Here is the ingest pipeline

PUT _ingest/pipeline/dga_ngram_expansion_inference
{
    "description": "Expands a domain into unigrams, bigrams and trigrams and makes a prediction of maliciousness",
    "processors": [
      {
        "script": {
          "id": "ngram-extractor-packetbeat",
          "params":{
            "ngram_count":1
          }
        }
      },
       {
        "script": {
          "id": "ngram-extractor-packetbeat",
          "params":{
            "ngram_count":2
          }
        }
      },
       {
        "script": {
          "id": "ngram-extractor-packetbeat",
          "params": {
            "ngram_count":3
          }
        }
      },
              {
  "inference": {
    "model_id": "dga_detection-1624426349035",
    "target_field": "predicted_label",
    "field_map":{},
    "inference_config": { "classification": {"num_top_classes": 2} }
  }
},
      {
        "script": {
          "id": "ngram-remover-packetbeat",
          "params":{
            "ngram_count":1
          }
        }
      },
       {
        "script": {
          "id": "ngram-remover-packetbeat",
          "params":{
            "ngram_count":2
          }
        }
      },
       {
        "script": {
          "id": "ngram-remover-packetbeat",
          "params": {
            "ngram_count":3
          }
        }
      }
    ]
}

Here is the Script used in the Ingest Pipeline:

POST _scripts/ngram-extractor-packetbeat
{
  "script": {
    "lang": "painless",
    "source": """
String nGramAtPosition(String fulldomain, int fieldcount, int n){

  String domain = fulldomain.splitOnToken('.')[0];
  if (fieldcount+n>=domain.length()){
    return ''
  }
  else 
{
  return domain.substring(fieldcount, fieldcount+n)
}
}
for (int i=0;i<ctx['dns']['question']['registered_domain'].length();i++){
  ctx['field_'+Integer.toString(params.ngram_count)+'_gram_'+Integer.toString(i)] = nGramAtPosition(ctx['dns']['question']['registered_domain'], i, params.ngram_count)
}"""
  }
}

Here is the Error from the Test Document:

Thank you in advance :slight_smile:

any suggestions on this one?

Quick guess after looking at the source: The JSON shows a field named "dns.question.registered_domain", which is not nested json.. try ctx["dns.question.registered_domain"] to access it and see if that works instead.

1 Like

Hey,

Thank you for your reply!

I did this, now I have an another error.
I tried it with double and single quotes

please stop pasting screenshots in here.

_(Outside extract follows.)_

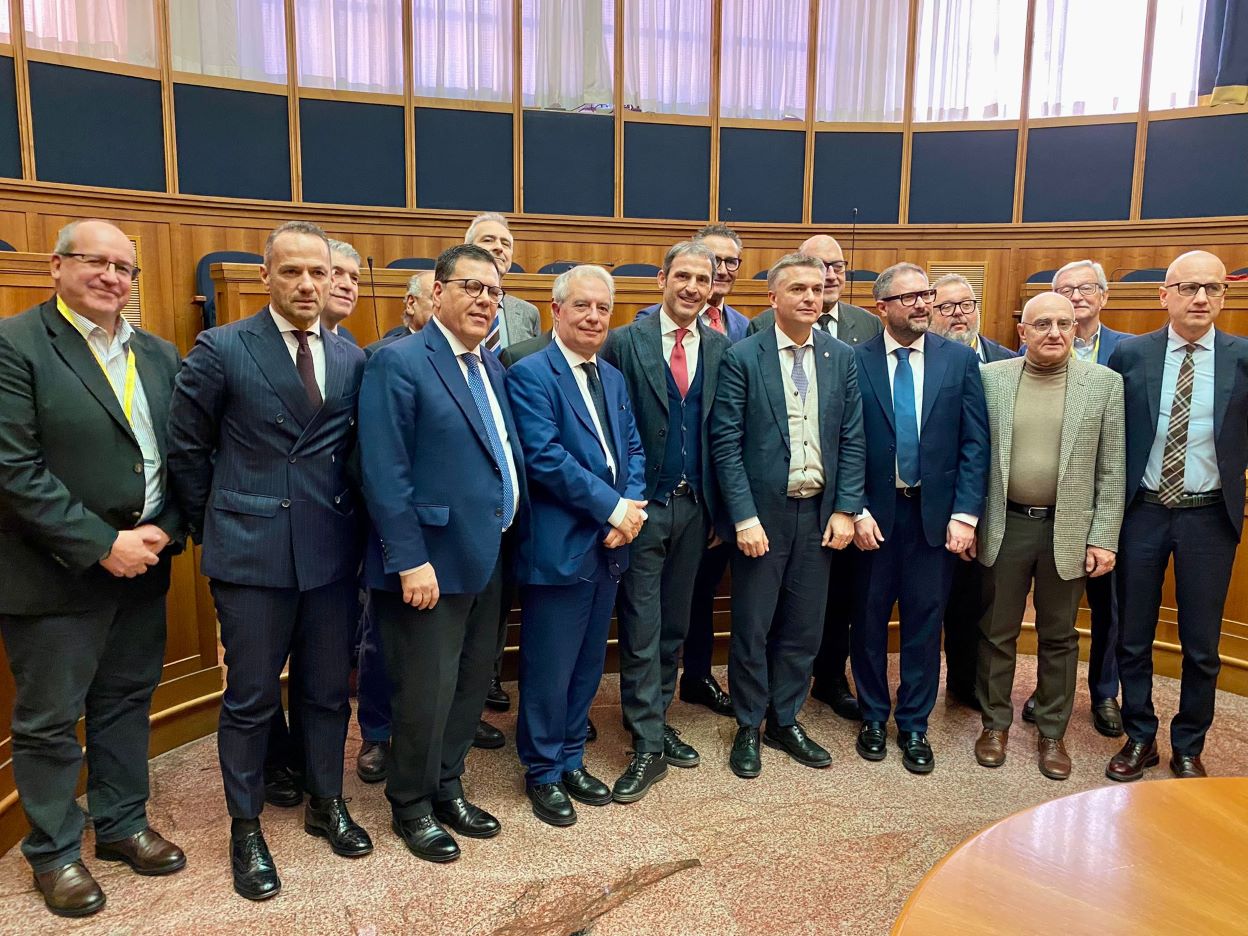 Blue economy, Rixi a Londra all’assemblea Imo: “Impegno del governo a rendere porti più attraenti e funzionali” Blue economy, Rixi a Londra all’assemblea Imo: “Impegno del governo a rendere porti più attraenti e funzionali”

It's hard to read for normal people and impossible for people with visual impairments.

It seems that this field is an array in one of your documents and this is not of type string but of type array list. You may need to check for that in your script.

Ok sorry didn't know that...

Thank you.
I found now a solution with your tip.
ctx["dns.question.registered_domain"][0]

With this the script worked almost as excepted, there is still a minor problem.
The Script do not extract all Ngrams, and the model throws now a exception that the fields are empty..

Also I didn't get it why all fields of the source document are an array...